Ever since Dane died, this has been one of two mantras of mine. The first deals with getting up and putting my feet on the floor every morning which was harder than it sounds in the months after Dane’s death.
Peace over productivity helps me keep some perspective. I have had to make some difficult choices in the past year, including giving up my school and letting a house go without a fight. This is okay. Peace over productivity means I am giving myself the option of not turning everything into a battle royale; it helps me remember what is important and focus on that.
I am still busy. This morning I applied for two more freelance jobs, wrote two articles, edited another ten that were finished and need to be submitted Friday, invoiced two clients, and took The Child to get her braces off. And now I am working on ten more blogs due next Friday and writing this.

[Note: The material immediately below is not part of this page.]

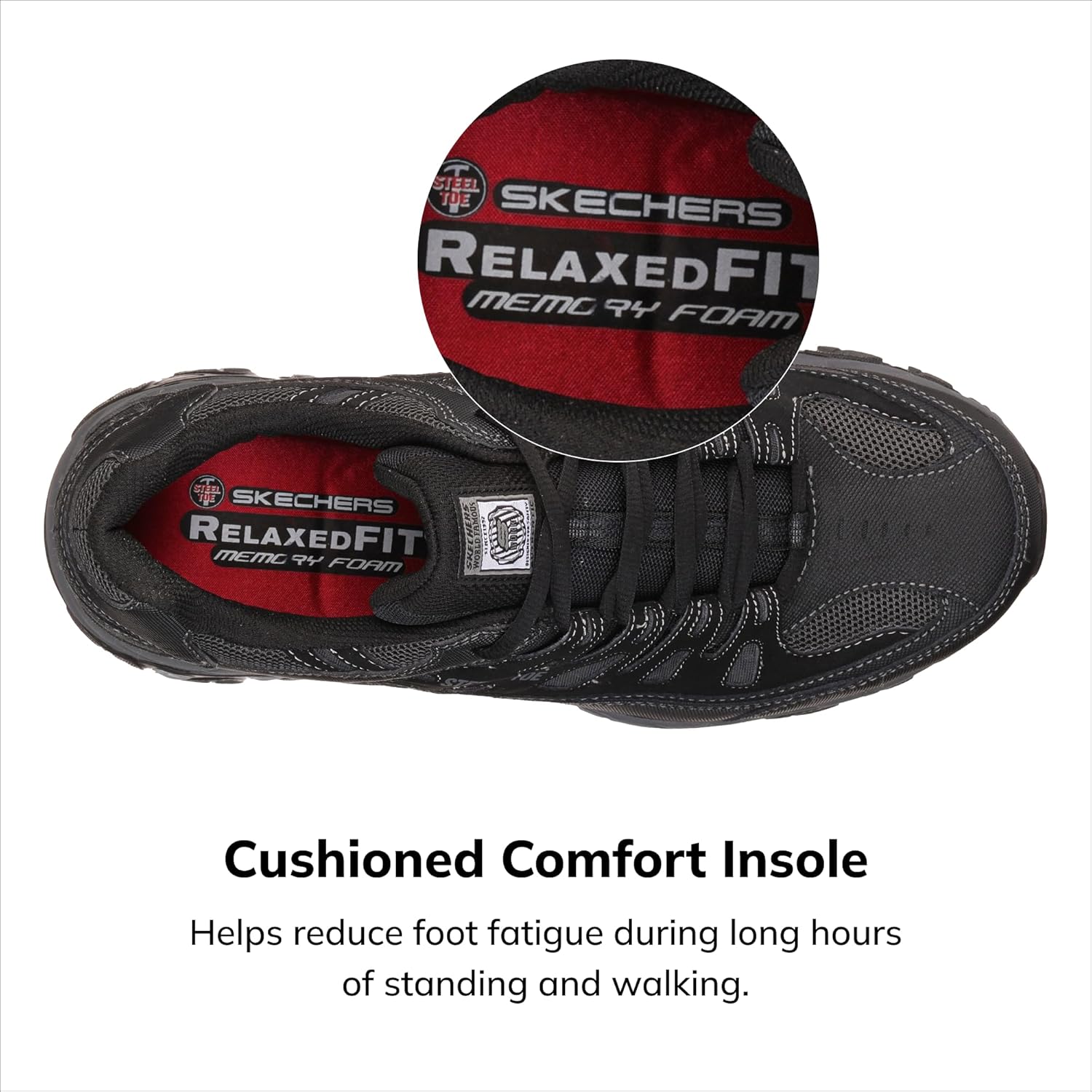 Мужские защитные туфли Skechers Cankton с стальным носком, черный — фото 4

I do yoga five to seven times a week, and I am in the process of making our house suitable for renters, which means replacing the steps off the back deck (then power washing and sealing the deck and privacy fence), putting raised beds in the front of the house, painting the deck railings, selling golf clubs and a snowboard (anyone need either of those?), and still during all of this teaching Sicily. And finding a temporary home in Charm City, locating parking for the tiny house (and coordinating that move), securing a truck and a storage space...all of the stuff that happens in an interstate move.

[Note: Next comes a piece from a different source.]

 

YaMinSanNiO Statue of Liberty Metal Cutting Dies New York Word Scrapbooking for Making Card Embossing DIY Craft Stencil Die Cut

In addition, I have taken two naps this week. And I may take a third today. Still early.
Letting go of what is not real to me, pursuing another dream (writing), and allowing myself the freedom to choose what I spend my time on is a revelation. It is hard to be so far outside the expectation of society with the way I live my life, but it is my life, and it is luxurious to know that I can make it whatever I truly want.
I still feel stress and anxiety. There is no escaping that for me. But I have the space I need to work around that.
I will never again buy into the cult of busy. I know that some people look at us and think we are lazy because I don't have a 9-5 and Sicily does her schoolwork in jammies. Sometimes I feel very defensive about that. But that's okay. It is no longer acceptable to me to join in the "I'm busier than you" game. I don't care how much homework your kid has (I could go into the stats and research about the futility and harm of massive homework prior to 10th grade, but I will spare you. Feel free to drop a note in the comments if you're interested, and I will smack you between the eyes with some knowledge.). I feel sad for your two-hour commute. But there is always a choice. And I choose differently.